TASK STATEMENT: Take the records below and extract, word for word, the lines from the one containing "圓+4張follow隨機卡" through the final line, inclusive. Omit pictures.

(Short text fragments from websites)
----
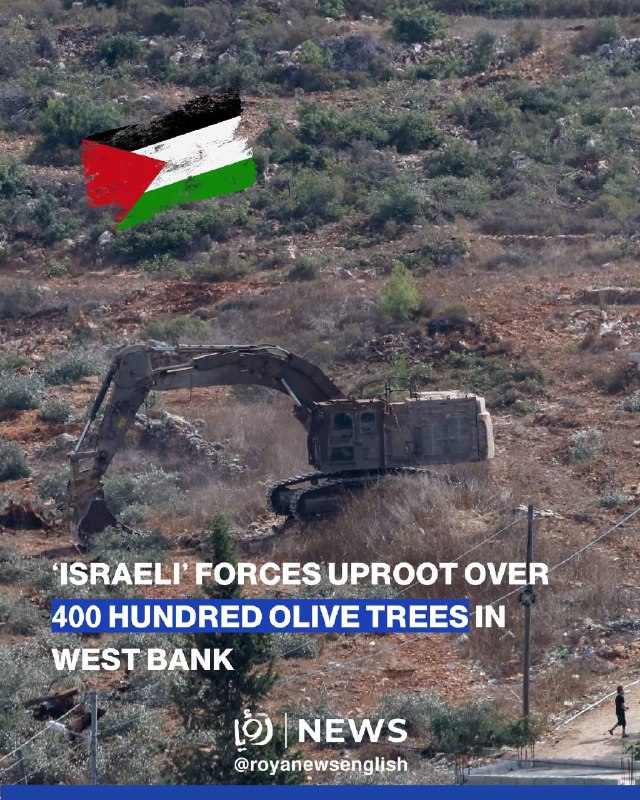Image from a post by Dunia Palestin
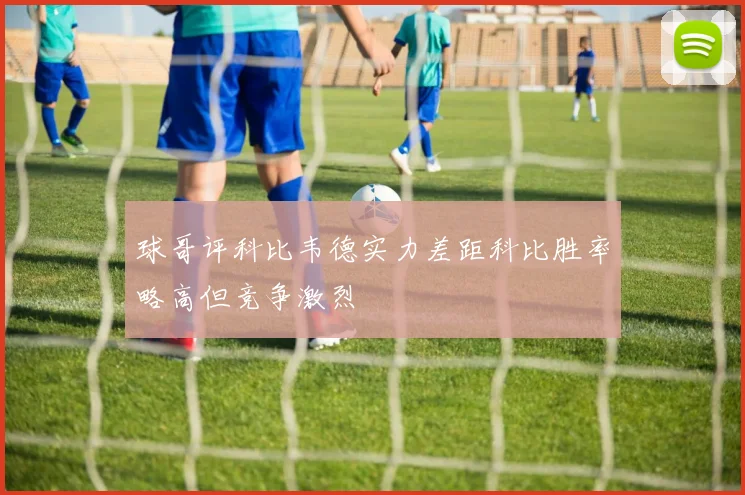 球哥评科比韦德实力差距科比胜率略高但竞争激烈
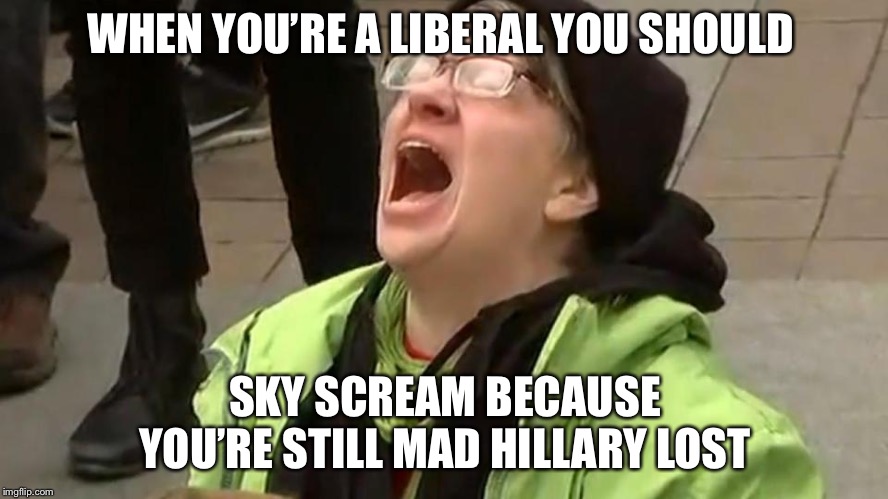 Sky Screamer | WHEN YOU’RE A LIBERAL YOU SHOULD SKY SCREAM BECAUSE YOU’RE STILL MAD HILLARY LOST | image tagged in sky screamer | made w/ Imgflip meme maker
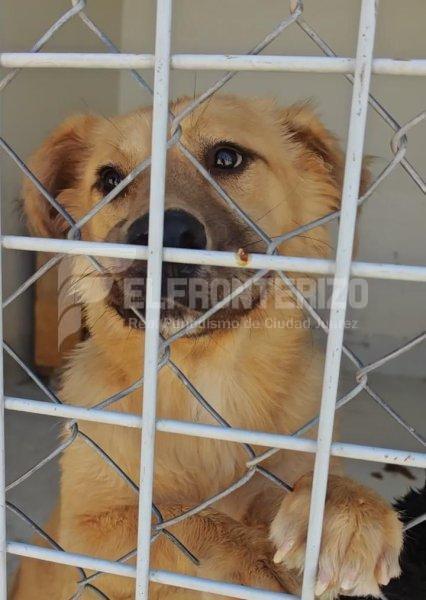 Mientras todos preguntaban por Sasha, ellos también siguen esperando ser adoptados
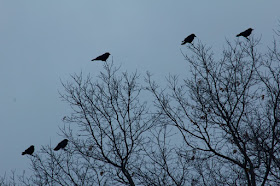 a murder of crows behind the house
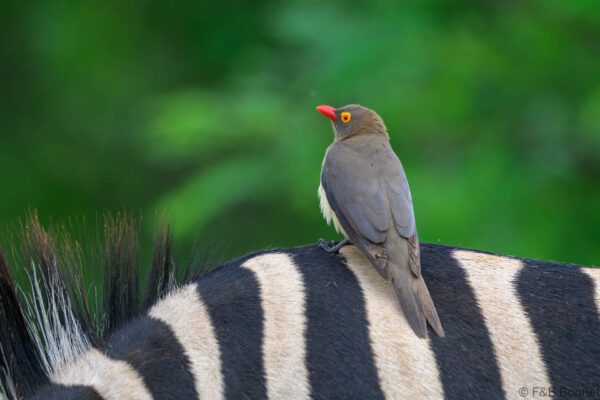 Red-billed Oxpecker - South Africa - Kruger GR - 2025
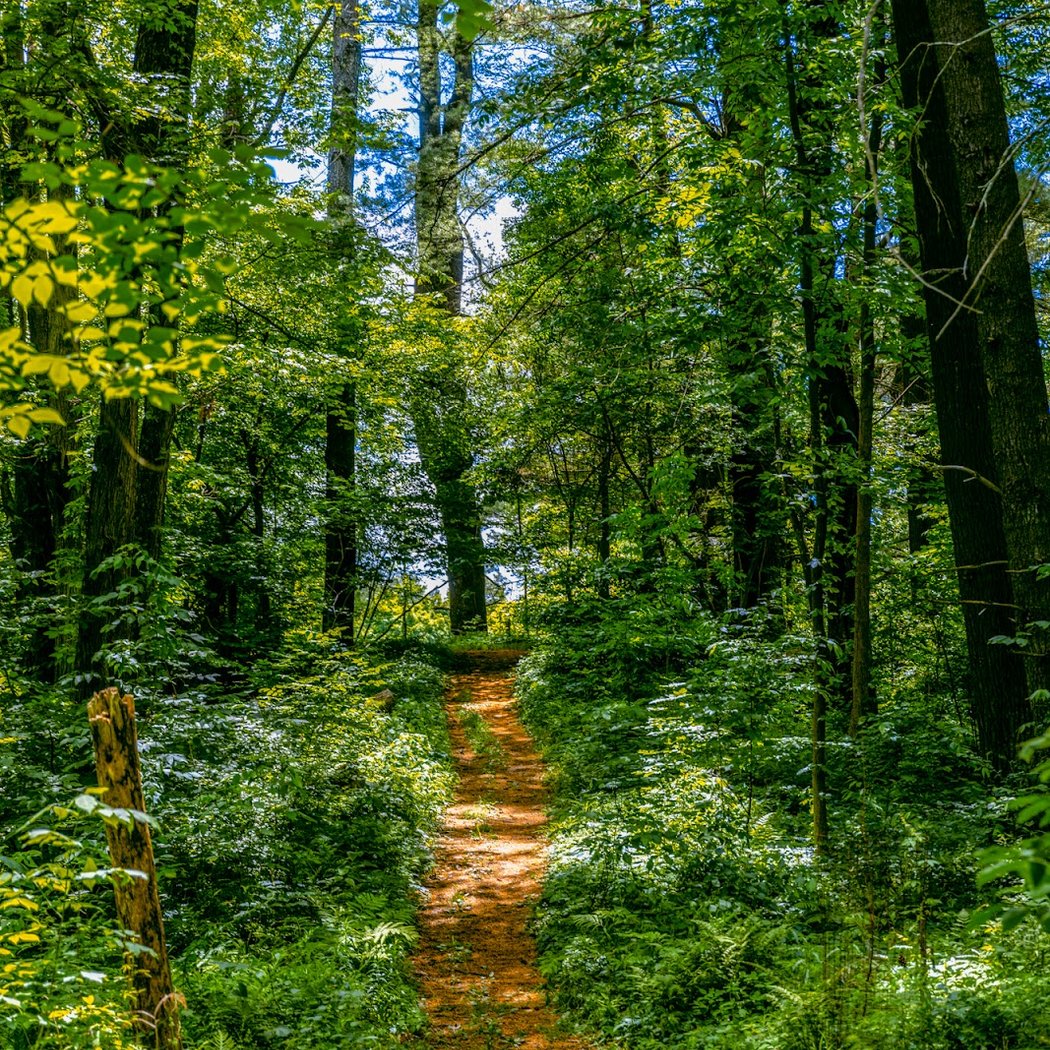 The Pine Hollow Arboretum 2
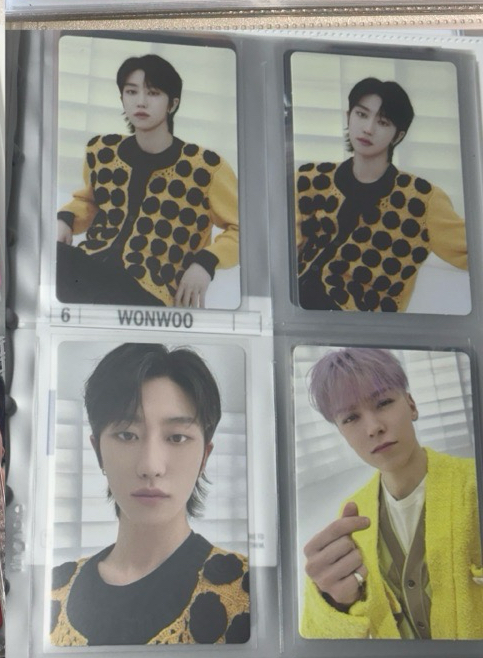 圓+4張follow隨機卡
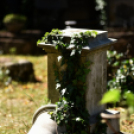 Gyászistentisztelet a temetőben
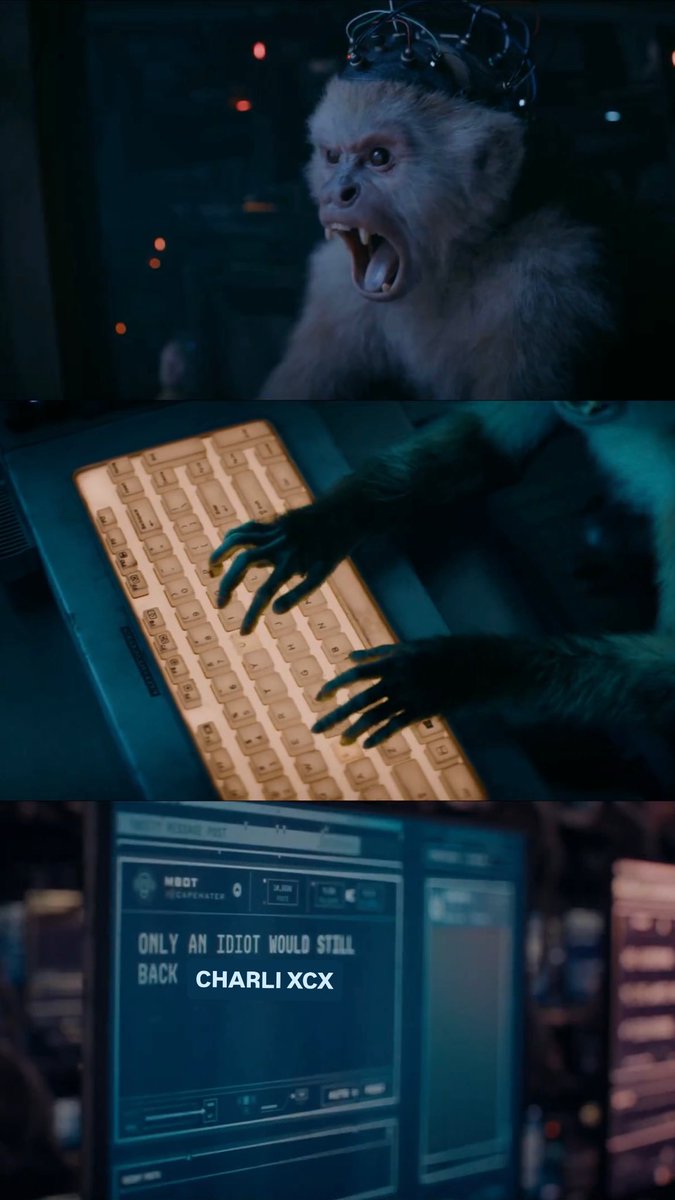 kingchilla (@__dy_yb__) on Twitter photo 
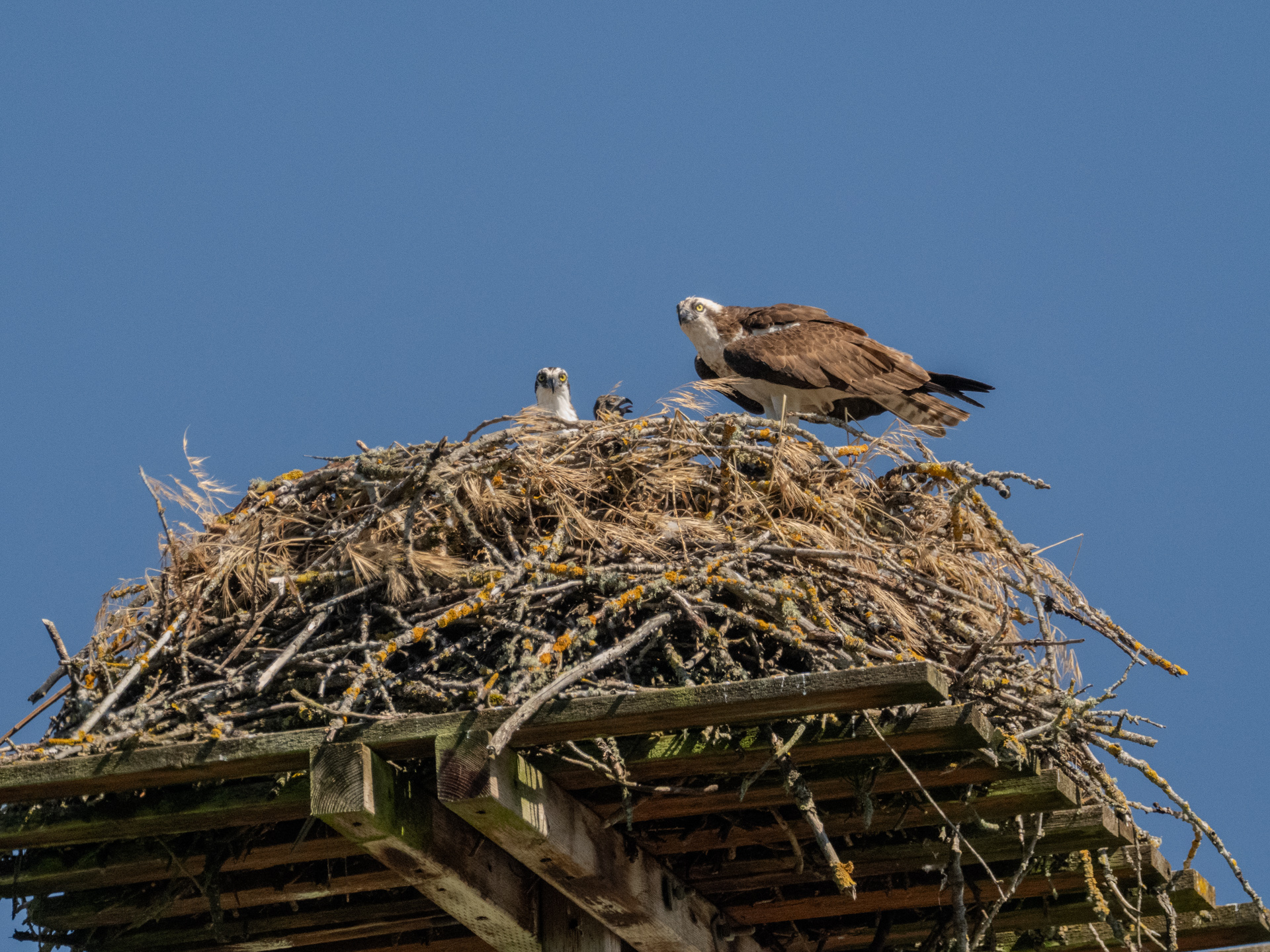 Both Adults & Hatchling (June 21, 2024)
----
TASK SOLUTION:
 圓+4張follow隨機卡
 Gyászistentisztelet a temetőben
 kingchilla (@__dy_yb__) on Twitter photo 
 Both Adults & Hatchling (June 21, 2024)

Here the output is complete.